Hacker News new | past | comments | ask | show | jobs | submit login

When incorporated into Wifi 18 in the year 2046, it will prove to realistically get around 500 MB/s, and have a hard time getting through most walls.



They are only transmitting 30 mm, when they moved to transmitting 20 meters it had to drop from 64QAM to 32QAM and lost some throughput. It's also laser generated so I don't believe it's omnidirectional, just point to point.


Sounds more practical for satellite-to-satellite communication than for consumer devices then if it's being sent with lasers


Might work well in open office and large public spaces though, there's quite a lot of things in between consumer and space.


IIRC there are modern enterprise wi-fi APs that sit in the rafters, and form star-topology laser relays between devices.


The transmitted signal is diode generated, not laser-generated, and it's coupled with a typical EHF horn antenna.


Jokes aside, I get a consistent 1600mbps over wifi 6E which is good enough for me.

Of course you need an AP in every room to get consistent performance, but wifi has always been like that. And unless your applications use forward error correction wifi will always have latency spikes from L2 retransmission if there's even one wall between the AP and device


An AP in every room, incorporated into the light fixture. Sounds like a business model just waiting for some funding.


Why incorporated into the light fixture?

I paid ~$280 for each U6 Enterprise and that's the only thing that limits how many I have. I'm sure it's the same for anyone that cares about wifi performance. How much of a premium would you pay for better aesthetics?


You placed one in each room right? Each room has at least one light fixture. AP becomes invisible, saves space.


Space on the ceiling where I have essentially unlimited space?

I'm not saying there aren't advantages to this idea. Eg powering the APs with 120V from the light fixture would mean they can use fiber instead of PoE 2.5G ethernet. That would save me the cost of an extra switch and also reduce power consumption on both sides of the cable. But I'm sure a combined light+AP unit would be expensive enough to make that a moot point. If anything, I'd prefer to sacrifice even more aesthetics and use a bare PCB to save money if I could.


Already exists


Could you share a link?


If you live in a small/medium apartment then 6E is quite good.

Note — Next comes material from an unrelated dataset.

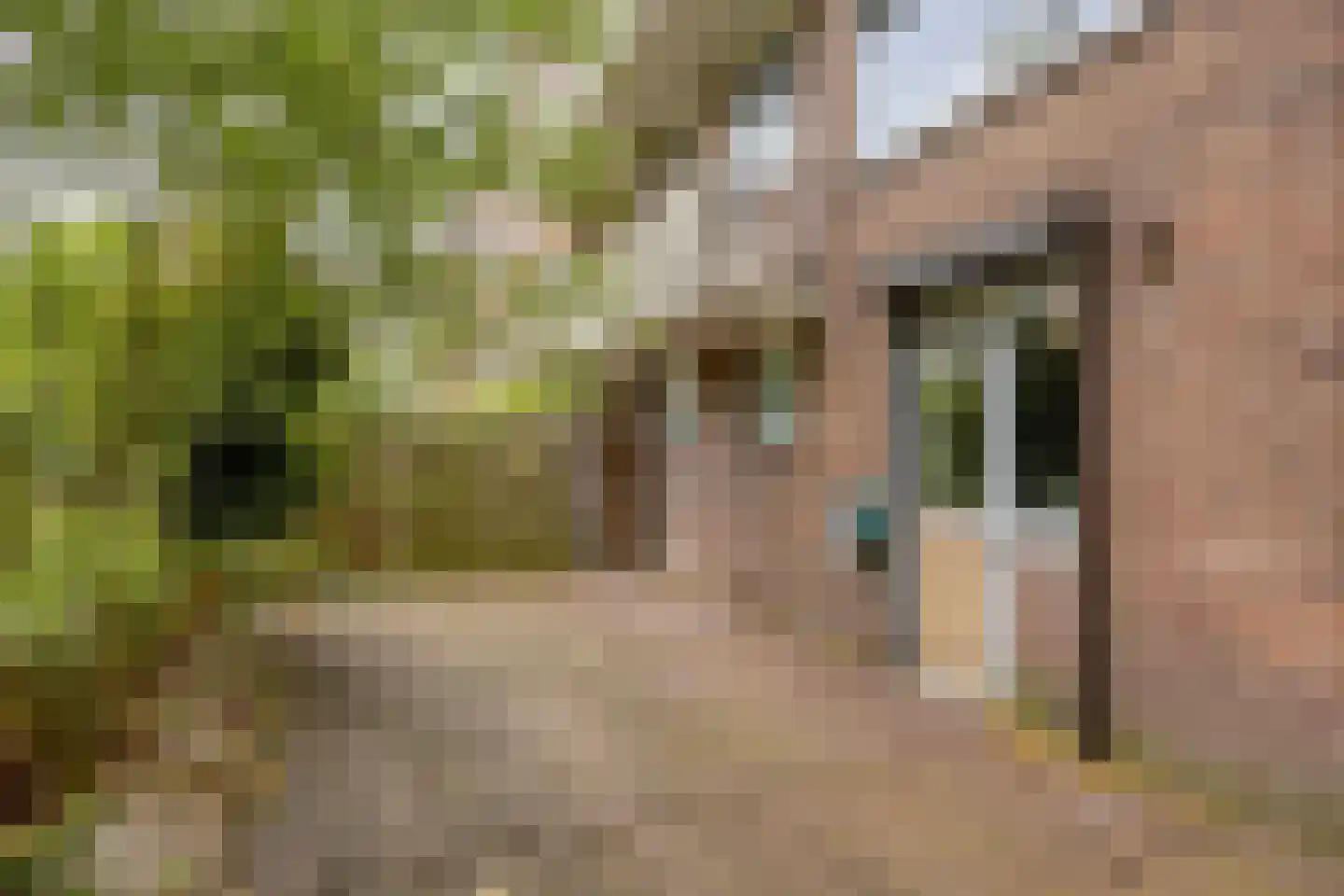 Planciusplein 20 Breda thumbnail 29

I've been using one of those "enterprise" tri-band APs for around a year and my experience has been also amazing, with just one AP in the entire flat.

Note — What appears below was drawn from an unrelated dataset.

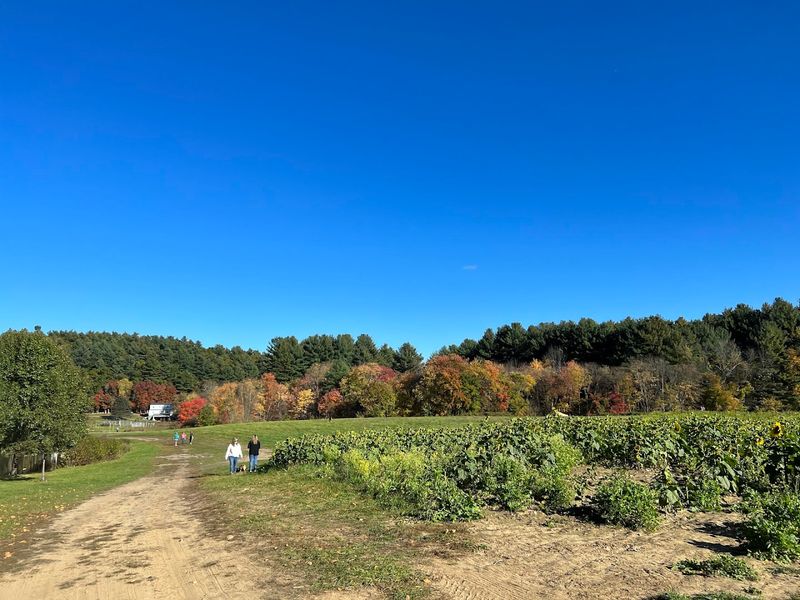 Hanson’s Farm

Enabling all bands should allow your device to just drop to 5GHz/2.4GHz when needed. This has been seamless for me.


Depends on the wall construction. Bricks or some AAC will be fine. Steel reinforced concrete panels - and you might as well call it Faraday cage.


If I may ask, what is your hardware setup like if you're achieving consistent 1.6Gbps? Is that a reproducible, every day speed? Is that only for LAN or both LAN+WAN?

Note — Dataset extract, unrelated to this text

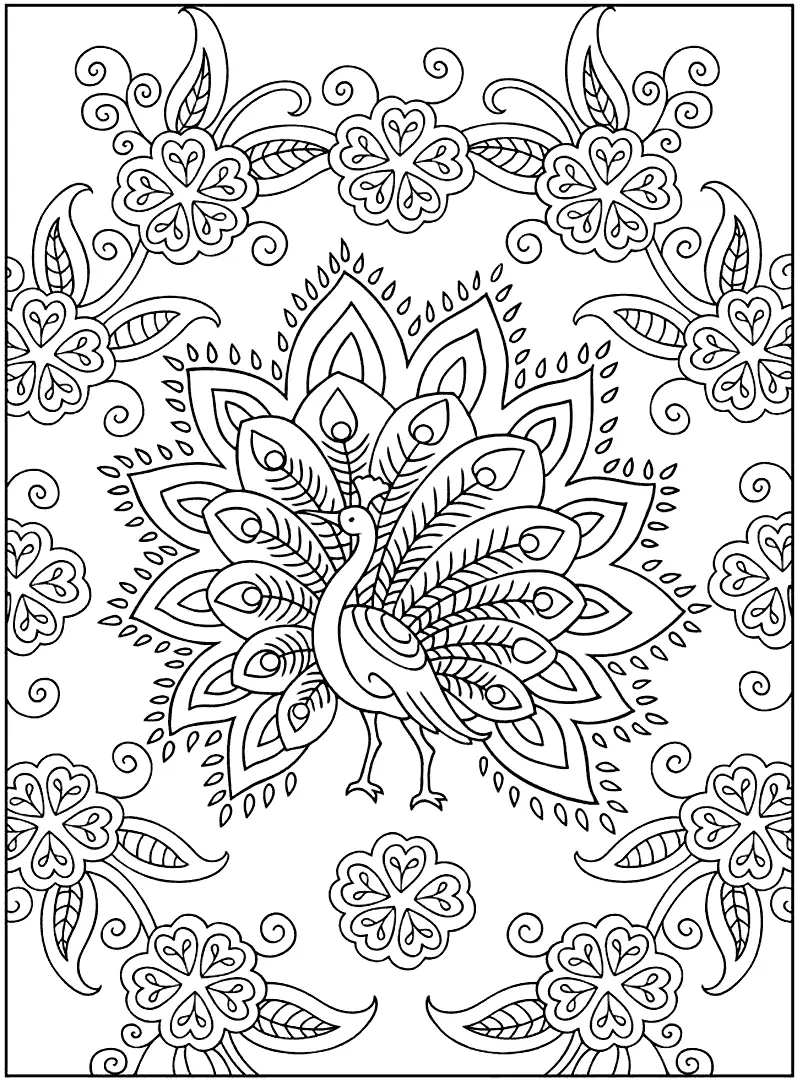 Peacock And Pattern Coloring Page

> what is your hardware setup

U6 Enterprise AP, Hasivo ethernet switch from aliexpress (used as a media converter from the AP's 2.5G copper to 10G fiber), MikroTik RB4011iGS for NAT (router on a stick), 56G Mellanox SX6036 for wired LAN. 56G optics from eBay and 10G optics from fs.com

>only for LAN or both LAN+WAN?

Wired LAN is 56gbps nominal.

Wireless LAN is 1.6gbps actual throughput.

WAN is 1.4gbps actual throughput (limited by Comcast DOCSIS)


Consider: the faster the packets go, the faster the channel gets free to let other TDMA stations talk. A big office with a lot of computers still experiences QoS losses over 6E when someone starts watching a 4K video. Get those bursts of video-buffer-filling done faster, and other traffic will stay smooth.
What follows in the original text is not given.